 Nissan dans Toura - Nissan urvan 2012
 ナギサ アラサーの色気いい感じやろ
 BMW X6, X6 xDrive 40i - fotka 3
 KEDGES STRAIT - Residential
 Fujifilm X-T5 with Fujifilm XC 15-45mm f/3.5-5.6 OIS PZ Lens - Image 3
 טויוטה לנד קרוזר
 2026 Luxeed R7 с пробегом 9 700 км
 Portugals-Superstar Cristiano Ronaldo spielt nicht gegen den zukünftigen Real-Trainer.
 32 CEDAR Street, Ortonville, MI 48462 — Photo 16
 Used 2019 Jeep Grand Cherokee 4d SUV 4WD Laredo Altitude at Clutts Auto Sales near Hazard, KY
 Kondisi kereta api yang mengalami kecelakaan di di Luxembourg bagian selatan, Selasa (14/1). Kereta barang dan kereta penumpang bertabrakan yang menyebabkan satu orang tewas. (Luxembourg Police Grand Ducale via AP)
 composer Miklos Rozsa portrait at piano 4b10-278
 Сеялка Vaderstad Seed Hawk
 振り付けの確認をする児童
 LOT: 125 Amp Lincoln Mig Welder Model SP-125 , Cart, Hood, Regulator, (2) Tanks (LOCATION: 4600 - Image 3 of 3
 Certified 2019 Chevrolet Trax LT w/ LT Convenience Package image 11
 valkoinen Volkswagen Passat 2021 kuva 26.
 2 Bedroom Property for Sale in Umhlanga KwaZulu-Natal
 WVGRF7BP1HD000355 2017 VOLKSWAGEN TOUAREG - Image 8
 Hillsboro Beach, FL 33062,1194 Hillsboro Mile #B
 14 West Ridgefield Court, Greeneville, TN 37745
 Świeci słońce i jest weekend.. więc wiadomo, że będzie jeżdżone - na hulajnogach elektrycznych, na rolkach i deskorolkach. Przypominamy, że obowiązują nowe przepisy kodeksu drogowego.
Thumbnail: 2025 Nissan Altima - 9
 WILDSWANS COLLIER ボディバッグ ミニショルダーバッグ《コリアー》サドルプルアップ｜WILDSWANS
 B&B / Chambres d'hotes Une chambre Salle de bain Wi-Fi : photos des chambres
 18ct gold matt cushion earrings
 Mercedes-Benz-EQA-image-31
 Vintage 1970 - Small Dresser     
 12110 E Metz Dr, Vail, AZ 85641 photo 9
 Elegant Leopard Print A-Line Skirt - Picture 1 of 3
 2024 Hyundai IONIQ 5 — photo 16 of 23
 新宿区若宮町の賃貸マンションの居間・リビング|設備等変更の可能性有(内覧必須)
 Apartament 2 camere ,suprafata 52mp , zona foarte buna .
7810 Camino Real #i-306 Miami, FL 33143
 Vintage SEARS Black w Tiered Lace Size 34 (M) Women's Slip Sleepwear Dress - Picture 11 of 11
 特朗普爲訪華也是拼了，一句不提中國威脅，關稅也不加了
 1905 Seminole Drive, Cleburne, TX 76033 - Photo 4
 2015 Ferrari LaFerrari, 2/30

#####

Write out all of the entries above, exactly and in full.

Result of this exercise:
 Nissan dans Toura - Nissan urvan 2012
 ナギサ アラサーの色気いい感じやろ
 BMW X6, X6 xDrive 40i - fotka 3
 KEDGES STRAIT - Residential
 Fujifilm X-T5 with Fujifilm XC 15-45mm f/3.5-5.6 OIS PZ Lens - Image 3
 טויוטה לנד קרוזר
 2026 Luxeed R7 с пробегом 9 700 км
 Portugals-Superstar Cristiano Ronaldo spielt nicht gegen den zukünftigen Real-Trainer.
 32 CEDAR Street, Ortonville, MI 48462 — Photo 16
 Used 2019 Jeep Grand Cherokee 4d SUV 4WD Laredo Altitude at Clutts Auto Sales near Hazard, KY
 Kondisi kereta api yang mengalami kecelakaan di di Luxembourg bagian selatan, Selasa (14/1). Kereta barang dan kereta penumpang bertabrakan yang menyebabkan satu orang tewas. (Luxembourg Police Grand Ducale via AP)
 composer Miklos Rozsa portrait at piano 4b10-278
 Сеялка Vaderstad Seed Hawk
 振り付けの確認をする児童
 LOT: 125 Amp Lincoln Mig Welder Model SP-125 , Cart, Hood, Regulator, (2) Tanks (LOCATION: 4600 - Image 3 of 3
 Certified 2019 Chevrolet Trax LT w/ LT Convenience Package image 11
 valkoinen Volkswagen Passat 2021 kuva 26.
 2 Bedroom Property for Sale in Umhlanga KwaZulu-Natal
 WVGRF7BP1HD000355 2017 VOLKSWAGEN TOUAREG - Image 8
 Hillsboro Beach, FL 33062,1194 Hillsboro Mile #B
 14 West Ridgefield Court, Greeneville, TN 37745
 Świeci słońce i jest weekend.. więc wiadomo, że będzie jeżdżone - na hulajnogach elektrycznych, na rolkach i deskorolkach. Przypominamy, że obowiązują nowe przepisy kodeksu drogowego.
Thumbnail: 2025 Nissan Altima - 9
 WILDSWANS COLLIER ボディバッグ ミニショルダーバッグ《コリアー》サドルプルアップ｜WILDSWANS
 B&B / Chambres d'hotes Une chambre Salle de bain Wi-Fi : photos des chambres
 18ct gold matt cushion earrings
 Mercedes-Benz-EQA-image-31
 Vintage 1970 - Small Dresser     
 12110 E Metz Dr, Vail, AZ 85641 photo 9
 Elegant Leopard Print A-Line Skirt - Picture 1 of 3
 2024 Hyundai IONIQ 5 — photo 16 of 23
 新宿区若宮町の賃貸マンションの居間・リビング|設備等変更の可能性有(内覧必須)
 Apartament 2 camere ,suprafata 52mp , zona foarte buna .
7810 Camino Real #i-306 Miami, FL 33143
 Vintage SEARS Black w Tiered Lace Size 34 (M) Women's Slip Sleepwear Dress - Picture 11 of 11
 特朗普爲訪華也是拼了，一句不提中國威脅，關稅也不加了
 1905 Seminole Drive, Cleburne, TX 76033 - Photo 4
 2015 Ferrari LaFerrari, 2/30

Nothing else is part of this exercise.